На том заседании с резкой речью против Леванта и меня выступил Марк Тайманов. После проигрыша матча Фишеру (1971) питерский гроссмейстер находился в опале и использовал любую возможность, чтобы заслужить индульгенцию. И вскоре он ее заслужил, снова получив разрешение ездить за границу.
Если для меня, уже имевшего выездную визу в кармане, выступление Тайманова не играло никакой роли, положение Леванта было иным.
– Ему-то что не сидится, – недоумевал Марк Евгеньевич на том заседании, – у него же всё есть: и трехкомнатная квартира, и машина, и дача. Да и вообще, откуда это всё?
Левант был крайне взволнован, говорил, что оставлять такое без ответа нельзя:
– Ты должен написать ему, что все на Западе узна́ют о его добровольном желании выслужиться перед властью, чтобы он не думал, что подлость останется безнаказанной!
Мы написали открытку, которую я, ожидая самолета на Вену, опустил в почтовый ящик ленинградского аэропорта. Рассказывали, что Тайманов, получив послание, очень расстроился. Но когда три с половиной года спустя мы встретились на турнире в Гастингсе (1975/76), этой темы не касались, как будто никакой открытки не было и в помине.
Сегодня, жизнь спустя, думаю, что напрасно послал ту открытку. И не потому, что иначе оцениваю поведение Тайманова, просто это как-то не мое. Не мое.
В фойе Чигоринского клуба в течение чуть ли не полугода после моего отъезда висело два объявления. На первом под списком команды Ленинграда можно было прочесть: «тренер – мастер Г. Сосонко». Второе было приказом Спорткомитета о моей дисквалификации в связи с изменой Родине. Они мирно уживались друг с другом до тех пор, пока кто-то не догадался снять первое.
Реакция друзей и знакомых на мое решение была непредсказуемой. Приятель тех лет, аспирант университета, сам уехавший спустя пять лет в США, отнесся к нему отрицательно. То же самое можно сказать и о художнике Иосифе Ильиче Игине, в московской квартире которого, известной многим шахматистам, бывал и я.
– Как же там Генна сможет без Пушкина… Да и вообще… – передавали мне коллеги укоризненные слова Игина.

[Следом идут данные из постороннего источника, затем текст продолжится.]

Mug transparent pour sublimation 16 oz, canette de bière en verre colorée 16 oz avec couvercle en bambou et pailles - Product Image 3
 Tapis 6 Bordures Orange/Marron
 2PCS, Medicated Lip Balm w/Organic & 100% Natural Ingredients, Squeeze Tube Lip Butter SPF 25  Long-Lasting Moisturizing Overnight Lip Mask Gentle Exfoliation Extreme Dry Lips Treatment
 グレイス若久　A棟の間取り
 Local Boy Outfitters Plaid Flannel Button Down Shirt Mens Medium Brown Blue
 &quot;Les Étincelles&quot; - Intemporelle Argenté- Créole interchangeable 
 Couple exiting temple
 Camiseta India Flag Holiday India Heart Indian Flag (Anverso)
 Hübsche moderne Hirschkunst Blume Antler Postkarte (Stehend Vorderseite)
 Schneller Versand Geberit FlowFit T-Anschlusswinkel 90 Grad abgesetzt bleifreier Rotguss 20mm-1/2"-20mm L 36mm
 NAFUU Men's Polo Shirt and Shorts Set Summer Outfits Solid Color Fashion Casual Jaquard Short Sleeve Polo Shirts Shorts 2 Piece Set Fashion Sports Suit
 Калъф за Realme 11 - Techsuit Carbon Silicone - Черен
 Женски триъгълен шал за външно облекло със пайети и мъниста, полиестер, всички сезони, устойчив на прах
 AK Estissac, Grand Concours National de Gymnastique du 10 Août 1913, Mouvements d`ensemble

Реагировали и так: я бы сам решился, но… Радуга объяснений, не позволявших сделать такой шаг, переливалась всеми цветами и оттенками. Здесь могли быть и престарелые родители, и допуск к секретным или считавшимся таковыми документам, и сомнения в профессиональной востребованности за пределами СССР, и заурядный страх. Но были и желавшие удачи, и просто молча пожимавшие руку.
За две недели до отъезда я повстречал на Невском доктора Аркадия Левина. Аркаша был не просто доктор. Кандидат в мастера и страстный любитель шахмат, он работал в круглосуточном венерологическом диспансере, на углу Невского и Литейного, и в таком качестве был известен всему шахматному Ленинграду. Маленького роста, с пучками обрамлявших значительную лысину вьющихся волос, Аркаша был похож на веселого фавна, пусть и в возрасте.
Стояла сильная жара, прохожих на Невском было немного, но когда мы, поздоровавшись, остановились, доктор, помахивая потрепанным кожаным портфелем, стал озираться по сторонам: никогда не знаешь, что подумает знакомый, увидев тебя в таком обществе.
– Слушай, – сказал Аркаша, – это правда, что о тебе говорят?
– А что говорят? – не пощадил я Левина.
– Ну, это самое… Ну, ты сам понимаешь… – еще раз оглянувшись, Аркаша решился. – Ну, насчет Израиля…
– Правда, – признался я.
– М-даа… Ну что же тебе пожелать? Что же тебе пожелать?.. – раздумывал симпатичный доктор.
Собравшись, Аркаша оглянулся еще раз, махнул рукой и выдохнул:
– Знаешь, что бы ни случилось, трепака всё же там не хватай!